→ **PROBLEM REQUIREMENTS**
Print every line of the data exactly as shown.

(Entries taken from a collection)
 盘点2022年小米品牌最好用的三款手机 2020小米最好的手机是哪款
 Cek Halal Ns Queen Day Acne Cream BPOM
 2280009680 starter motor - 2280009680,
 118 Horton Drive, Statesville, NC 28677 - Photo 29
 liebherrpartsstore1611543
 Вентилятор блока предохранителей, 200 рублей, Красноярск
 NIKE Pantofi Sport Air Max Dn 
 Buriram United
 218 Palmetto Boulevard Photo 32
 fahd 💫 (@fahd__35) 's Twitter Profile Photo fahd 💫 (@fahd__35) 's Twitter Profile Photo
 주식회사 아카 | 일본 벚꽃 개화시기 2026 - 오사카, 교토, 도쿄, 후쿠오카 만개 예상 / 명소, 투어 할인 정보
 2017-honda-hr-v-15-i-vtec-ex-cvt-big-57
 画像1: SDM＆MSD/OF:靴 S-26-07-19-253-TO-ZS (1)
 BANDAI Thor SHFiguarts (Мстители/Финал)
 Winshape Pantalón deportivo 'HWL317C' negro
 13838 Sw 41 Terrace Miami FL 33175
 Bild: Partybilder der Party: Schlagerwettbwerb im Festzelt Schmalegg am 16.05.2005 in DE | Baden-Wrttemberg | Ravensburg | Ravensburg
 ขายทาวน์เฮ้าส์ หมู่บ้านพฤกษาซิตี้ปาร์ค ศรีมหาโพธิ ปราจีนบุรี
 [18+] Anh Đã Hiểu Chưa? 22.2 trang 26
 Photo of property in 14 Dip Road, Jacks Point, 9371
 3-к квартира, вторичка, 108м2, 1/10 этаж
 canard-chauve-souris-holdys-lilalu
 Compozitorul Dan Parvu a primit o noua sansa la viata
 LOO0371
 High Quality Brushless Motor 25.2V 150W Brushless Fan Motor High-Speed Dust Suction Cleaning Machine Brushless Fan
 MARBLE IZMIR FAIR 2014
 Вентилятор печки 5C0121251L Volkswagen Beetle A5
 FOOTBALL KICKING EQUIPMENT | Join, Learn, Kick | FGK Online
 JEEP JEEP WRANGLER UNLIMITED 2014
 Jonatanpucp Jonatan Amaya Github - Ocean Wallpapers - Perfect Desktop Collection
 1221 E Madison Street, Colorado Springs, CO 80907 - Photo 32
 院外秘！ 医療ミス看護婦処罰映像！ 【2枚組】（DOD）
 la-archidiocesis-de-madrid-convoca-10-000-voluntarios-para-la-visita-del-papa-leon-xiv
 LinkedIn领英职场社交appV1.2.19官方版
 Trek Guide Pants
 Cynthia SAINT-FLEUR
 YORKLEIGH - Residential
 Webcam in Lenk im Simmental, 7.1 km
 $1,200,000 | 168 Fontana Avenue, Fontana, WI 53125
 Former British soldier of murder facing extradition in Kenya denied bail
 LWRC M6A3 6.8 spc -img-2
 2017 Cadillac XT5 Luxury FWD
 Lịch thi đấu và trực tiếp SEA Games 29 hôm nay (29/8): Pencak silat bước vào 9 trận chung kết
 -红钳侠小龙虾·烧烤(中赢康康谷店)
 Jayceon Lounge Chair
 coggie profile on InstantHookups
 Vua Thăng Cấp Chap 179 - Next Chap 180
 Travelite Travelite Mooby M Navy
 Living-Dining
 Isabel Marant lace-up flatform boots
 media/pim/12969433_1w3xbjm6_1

→ **EXERCISE OUTPUT**
 盘点2022年小米品牌最好用的三款手机 2020小米最好的手机是哪款
 Cek Halal Ns Queen Day Acne Cream BPOM
 2280009680 starter motor - 2280009680,
 118 Horton Drive, Statesville, NC 28677 - Photo 29
 liebherrpartsstore1611543
 Вентилятор блока предохранителей, 200 рублей, Красноярск
 NIKE Pantofi Sport Air Max Dn 
 Buriram United
 218 Palmetto Boulevard Photo 32
 fahd 💫 (@fahd__35) 's Twitter Profile Photo fahd 💫 (@fahd__35) 's Twitter Profile Photo
 주식회사 아카 | 일본 벚꽃 개화시기 2026 - 오사카, 교토, 도쿄, 후쿠오카 만개 예상 / 명소, 투어 할인 정보
 2017-honda-hr-v-15-i-vtec-ex-cvt-big-57
 画像1: SDM＆MSD/OF:靴 S-26-07-19-253-TO-ZS (1)
 BANDAI Thor SHFiguarts (Мстители/Финал)
 Winshape Pantalón deportivo 'HWL317C' negro
 13838 Sw 41 Terrace Miami FL 33175
 Bild: Partybilder der Party: Schlagerwettbwerb im Festzelt Schmalegg am 16.05.2005 in DE | Baden-Wrttemberg | Ravensburg | Ravensburg
 ขายทาวน์เฮ้าส์ หมู่บ้านพฤกษาซิตี้ปาร์ค ศรีมหาโพธิ ปราจีนบุรี
 [18+] Anh Đã Hiểu Chưa? 22.2 trang 26
 Photo of property in 14 Dip Road, Jacks Point, 9371
 3-к квартира, вторичка, 108м2, 1/10 этаж
 canard-chauve-souris-holdys-lilalu
 Compozitorul Dan Parvu a primit o noua sansa la viata
 LOO0371
 High Quality Brushless Motor 25.2V 150W Brushless Fan Motor High-Speed Dust Suction Cleaning Machine Brushless Fan
 MARBLE IZMIR FAIR 2014
 Вентилятор печки 5C0121251L Volkswagen Beetle A5
 FOOTBALL KICKING EQUIPMENT | Join, Learn, Kick | FGK Online
 JEEP JEEP WRANGLER UNLIMITED 2014
 Jonatanpucp Jonatan Amaya Github - Ocean Wallpapers - Perfect Desktop Collection
 1221 E Madison Street, Colorado Springs, CO 80907 - Photo 32
 院外秘！ 医療ミス看護婦処罰映像！ 【2枚組】（DOD）
 la-archidiocesis-de-madrid-convoca-10-000-voluntarios-para-la-visita-del-papa-leon-xiv
 LinkedIn领英职场社交appV1.2.19官方版
 Trek Guide Pants
 Cynthia SAINT-FLEUR
 YORKLEIGH - Residential
 Webcam in Lenk im Simmental, 7.1 km
 $1,200,000 | 168 Fontana Avenue, Fontana, WI 53125
 Former British soldier of murder facing extradition in Kenya denied bail
 LWRC M6A3 6.8 spc -img-2
 2017 Cadillac XT5 Luxury FWD
 Lịch thi đấu và trực tiếp SEA Games 29 hôm nay (29/8): Pencak silat bước vào 9 trận chung kết
 -红钳侠小龙虾·烧烤(中赢康康谷店)
 Jayceon Lounge Chair
 coggie profile on InstantHookups
 Vua Thăng Cấp Chap 179 - Next Chap 180
 Travelite Travelite Mooby M Navy
 Living-Dining
 Isabel Marant lace-up flatform boots
 media/pim/12969433_1w3xbjm6_1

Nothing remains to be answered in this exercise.